The tension shatters as one of the other people standing frozen at a shooting station takes a single step out, halfway between me and the angry guy. He’s smaller than both Javi and the red-faced man, and he has sandy-blond hair that might have been close-cropped once but is growing out to fan his ears now. Lithe, not muscular. I’ve seen him around but don’t know his name.
“Hey now, mister, let’s just gear this back,” he says in an accent that doesn’t sound like Tennessee to me but comes from somewhere more in the Midwest. Folksy. It’s a calm, quiet sort of voice, seductively reasonable. “The range master’s just doing his job, all right? And he’s right. You start shooting angry, never know what could happen.”
It’s amazing, watching the rage drain out of Getts, as if someone has kicked a plug loose in him. He takes a couple of deep breaths, color fading back to something like normal, and nods stiffly. “Shit,” he says. “Guess I got a little ruffled there. Won’t happen again.”
The other man nods back and returns to his shooting window, avoiding everyone’s curious looks. He starts checking over his own pistol, which is oriented the correct way, downrange.

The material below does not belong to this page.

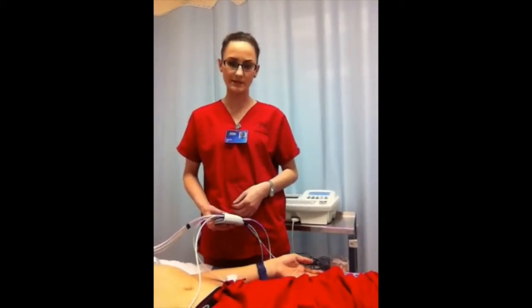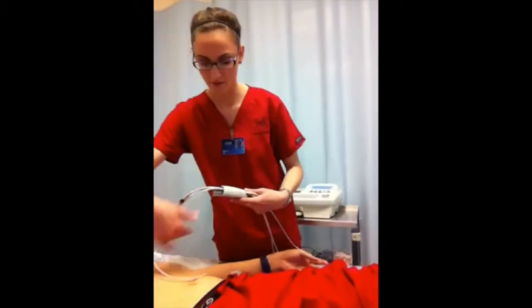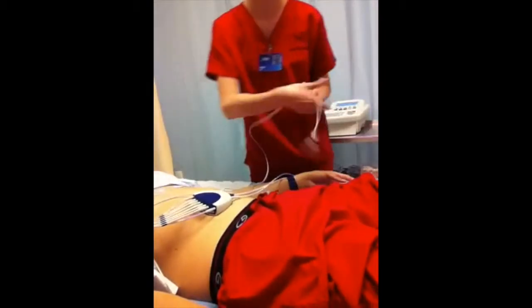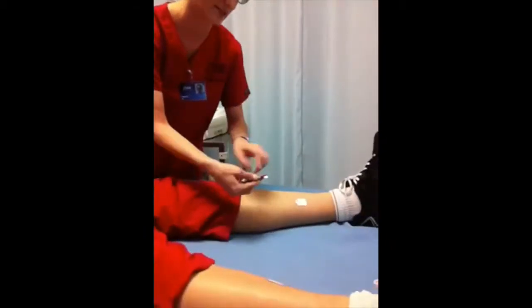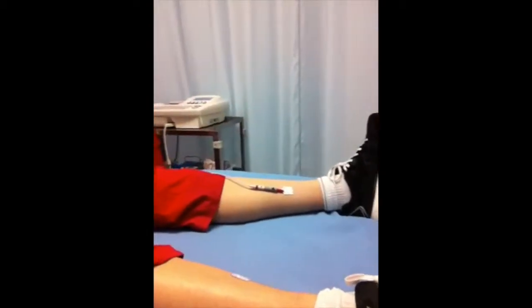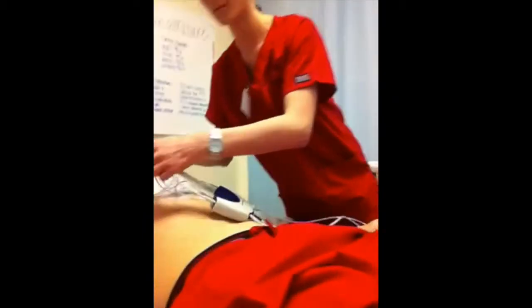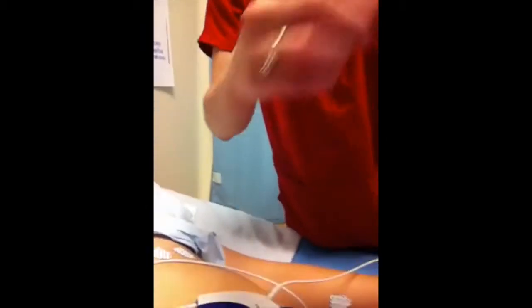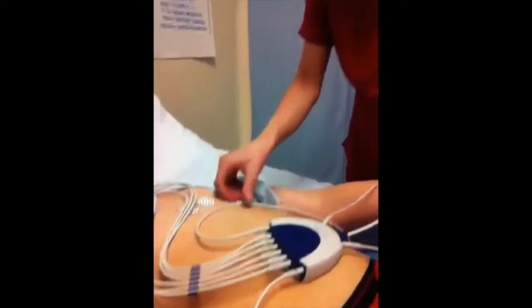Get the machine ready and turn it on by pressing the green power button. Place the leads above the patient's pelvic area and start applying them to the electrodes. This one is the left leg — make sure that the red part of the lead is facing up and put it on the tab. This is the right leg, and then start applying them to the arms: this is the right arm, and then the left arm.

“Mr. Getts, let’s talk outside,” Javier says, which is polite and correct, but Carl’s face twists up again, and I see a vein pulse in his temple. He starts to protest and then senses the weight of eyes on him, all the other shooters waiting in silence, watching. He steps back into the booth and angrily begins shoving his kit into a bag. “Fucking power-hungry wetback,” he mutters, then stalks toward the door. I pull in a breath, but Javi lays a friendly hand on my shoulder as the door slams behind him.
“Funny how that asshole listens to the white guy before the range master,” I say. All of us in here are white, with the exception of Javier. Tennessee has no shortage of people of color, but you’d never know it from the makeup of the people on the firing line.
“Carl’s a jackass, and I didn’t want him in here anyway,” Javi says.
“Doesn’t matter. You can’t let him talk to you that way,” I say, because I want to slam a fist into Carl’s teeth. I know it wouldn’t go well. I still want to do it.
“He can talk any way he wants. Blessings of living in a free country.” Javi sounds pleasant, still. “Doesn’t mean no consequences, ma’am. He’ll be getting a letter banning him from the range. Not because of what he said, but I don’t trust him to be responsible around other shooters. Not only are we entitled to turn people away for unsafe and aggressive behavior, we’re required to.” He smiles a little. A grim, cold little smile. “And if he wants to have a word with me in the parking lot sometime later, fine. We can do that.”
“He might bring his beer buddies.”
“That’ll be fun.”
“So, who was the guy that stepped up?” I jerk my head toward the man; he’s already got his hearing protection on again. I’m curious, because he’s not a usual range rat, or at least not during the times I tend to shoot.
“Sam Cade.” Javi shrugs. “He’s okay. New guy. Kinda surprised he did that. Most people wouldn’t.”
I hold out my hand. He shakes it. “Thank you, sir. You run a tight range.”
“I owe it to everybody who comes here. Be safe out there,” he says, then turns back to the waiting shooters. He breaks out his drill sergeant voice again. “Range is clear! Commence fire!”
I duck out as the thunder of bullets rattles again. The run-in between Javi and the other man has shaved a little off my good mood, but I still feel vastly elated as I leave my hearing protection on the rack outside. Fully certified. I’ve been thinking about it for a very long time, cautious, unsure about whether or not I dared to put my name on official records. I’d always had guns, but it had been a risk, carrying without a license. I finally felt settled well enough here that I could take the leap.
My phone buzzes as I unlock the car, and I nearly fumble it as I open up the back to place my gear inside. “Hello?”